The Oseberg Burial Ship was unearthed in 1904 and came from an 834 A.D. Viking burial mound. The ship dates to 800 A.D. We saw this ship at the Viking Ships Museum on the island of Bygdoy, near Oslo, Norway. While traveling on a bus, I did a small drawing that I discussed in an earlier post. On the same visit, I took a photo of a finely carved wagon found in the ship.

The carvings at the top of the painting came from this wagon. I was amazed at the beauty of the work done so many centuries ago. I love the stylized animals. The woodcarving tradition is alive and well today in Norway. We visited an aquarium with a display of carvings of local scenes from 1900 to the 1950s and a gorgeous room in the Kvikne Hotel decorated with furniture and trim done by a modern master carver.

When we stayed in Balestrand on the fjords, I did a couple watercolor sketches of my wonderful view from the small hotel there. You can see the painting that inspired the fjord representation in this painting. The design of this painting is very personal, recalling my thoughts when I was on the fjords. I could imagine the Oseberg sailing the Sonjefyord and feel the texture of the carvings on the prow of the ship and on the wagon. I chose a double analgous color scheme of blue to violet and yellow to yellow orange rather than using local color.

I had a difficult time photographing this painting, so it's a bit off kilter.


hwfarber said...

This is just so totally your own memory of the trip; really well designed.

Woodcarving can probably never be improved upon. I still feel the draw of chisel and mallet; working with the grain of the wood was exciting.

Mary Paquet said...

Hallie, thanks for checking in. I love texture -- it just makes me touch. I was intriqued by the markings on the carving -- were they the grain of the wood, were they incised? I think most were incised to take advantage of the grain.

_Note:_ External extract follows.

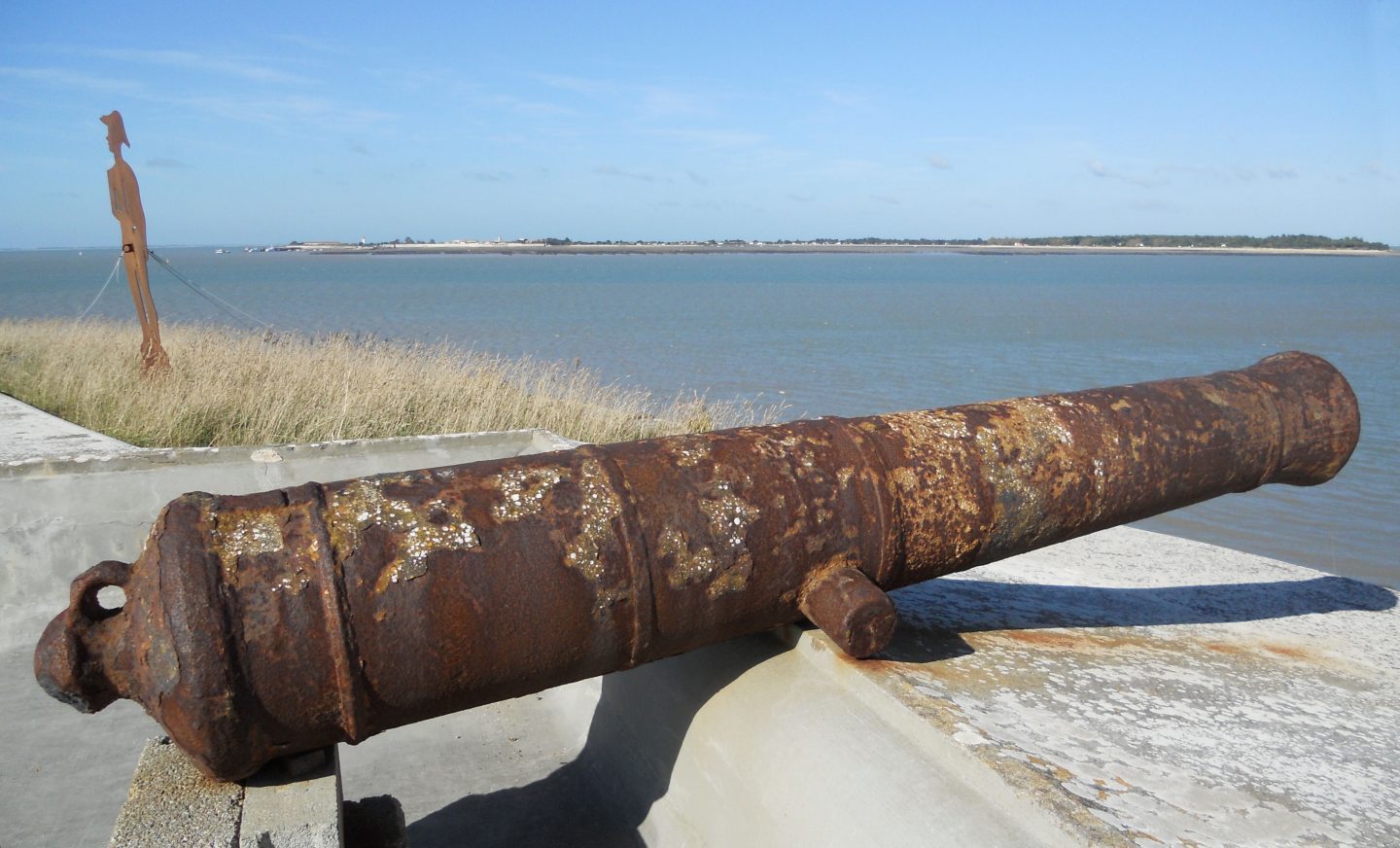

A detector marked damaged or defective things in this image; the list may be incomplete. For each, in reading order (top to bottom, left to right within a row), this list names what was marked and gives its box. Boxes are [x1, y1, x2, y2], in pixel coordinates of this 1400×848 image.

Also, I was fascinated by the use of the circular symbol 1200 years ago and it is still used as a symbol of wholeness. I tried to find out the meanings of the Viking symbols without success.

AutumnLeaves said...

Just lovely, Mary. There is a sense that this piece was done many hundreds of years ago with the style of the piece. Beautiful work and wonderful post!

Peggy Stermer-Cox said...

Hi Mary, WONDERFUL! I like the design and I like how you orchestrated your colors. And, of course, I'm partial to the subject. Most creative!

Gary Keimig said...

interesting post and neat watercolor memory Mary

PAMO said...

Beautiful Mary! I love the complementary colors and the memory that goes with your work. Beautiful.

Charlene Brown said...

This is a wonderful composition, Mary! And thank you for the lovely stories about where each part came from.